WHAT TO DO:
If the records include pictures, omit them and set down everything else verbatim.

◇ ◇ ◇ ◇

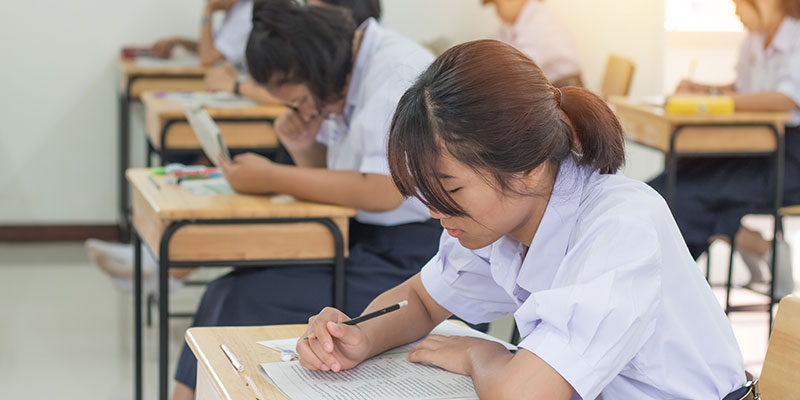 A group of students, taking an examination with a question paper and answer sheets in their hands.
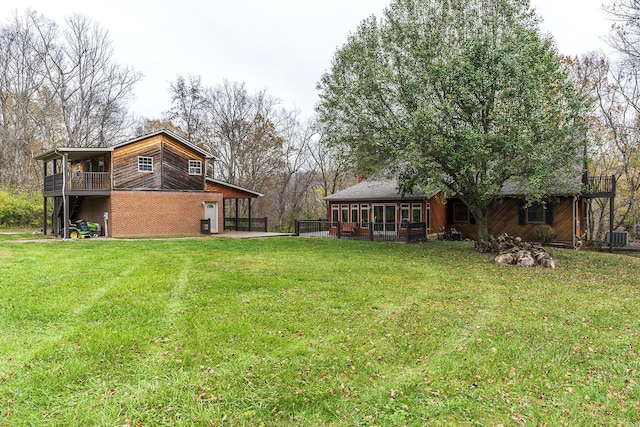 view of yard with central AC, a balcony, and a sunroom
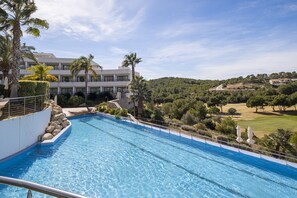 Indoor pool, seasonal outdoor pool, pool umbrellas, pool loungers
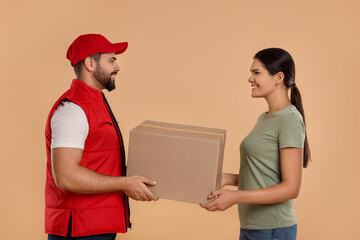 Wall Mural - Smiling courier giving parcel to receiver on light brown background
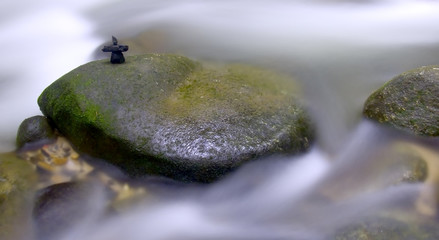 Waterfall with stone arrangement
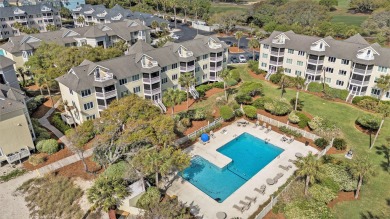 Experience coastal living at its finest in this beautifully on Wild Dunes Harbor Golf Resort in South Carolina - for sale on GolfHomes.com, golf home, golf lot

◇ ◇ ◇ ◇

TASK RESULT:
 A group of students, taking an examination with a question paper and answer sheets in their hands.
 view of yard with central AC, a balcony, and a sunroom
 Indoor pool, seasonal outdoor pool, pool umbrellas, pool loungers
 Wall Mural - Smiling courier giving parcel to receiver on light brown background
 Waterfall with stone arrangement
 Experience coastal living at its finest in this beautifully on Wild Dunes Harbor Golf Resort in South Carolina - for sale on GolfHomes.com, golf home, golf lot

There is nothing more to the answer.